Task item: Reprint all of the data below exactly as shown and skip every image.

Material provided:

● ● ● ● ●

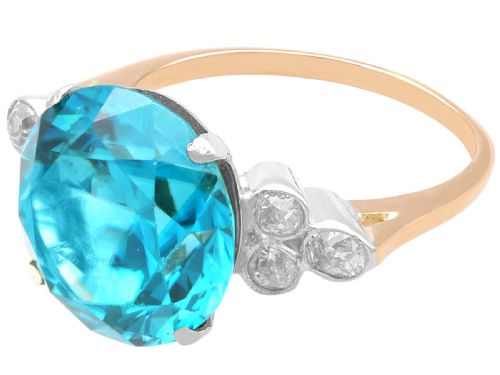fig 4. An Art Deco 9ct yellow gold ring featuring a large round-cut blue zircon flanked by diamond-set shoulders.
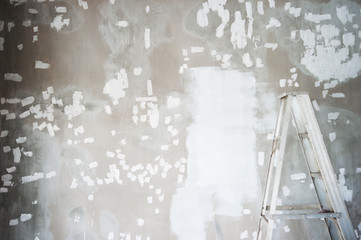 white repairing for painting with dirty ladder the decoration cement wall construction background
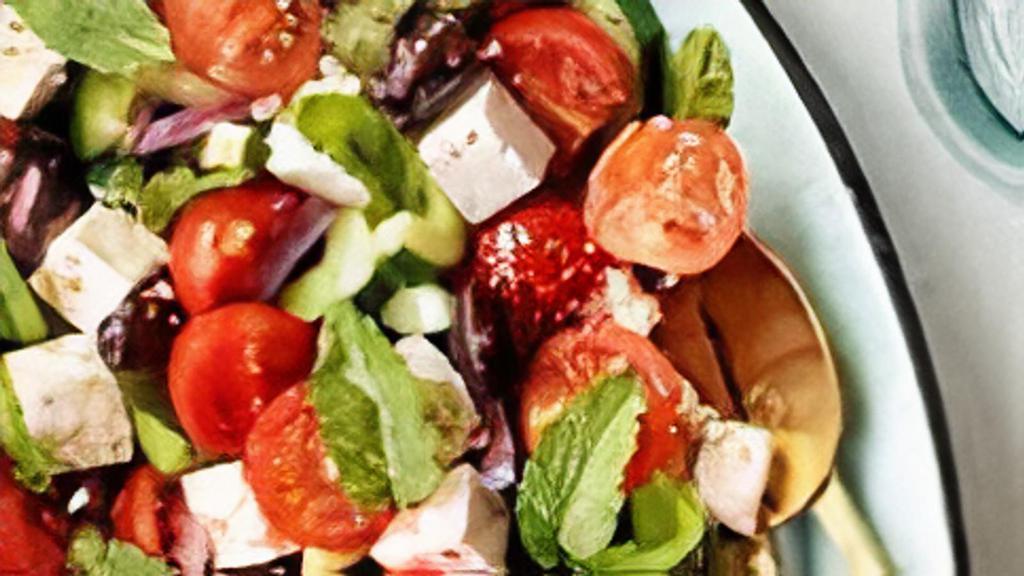 Greek Salad · Lettuce, tomato, cucumber, onion, black olives, and feta cheese.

● ● ● ● ●

Solved problem:
fig 4. An Art Deco 9ct yellow gold ring featuring a large round-cut blue zircon flanked by diamond-set shoulders.
 white repairing for painting with dirty ladder the decoration cement wall construction background
 Greek Salad · Lettuce, tomato, cucumber, onion, black olives, and feta cheese.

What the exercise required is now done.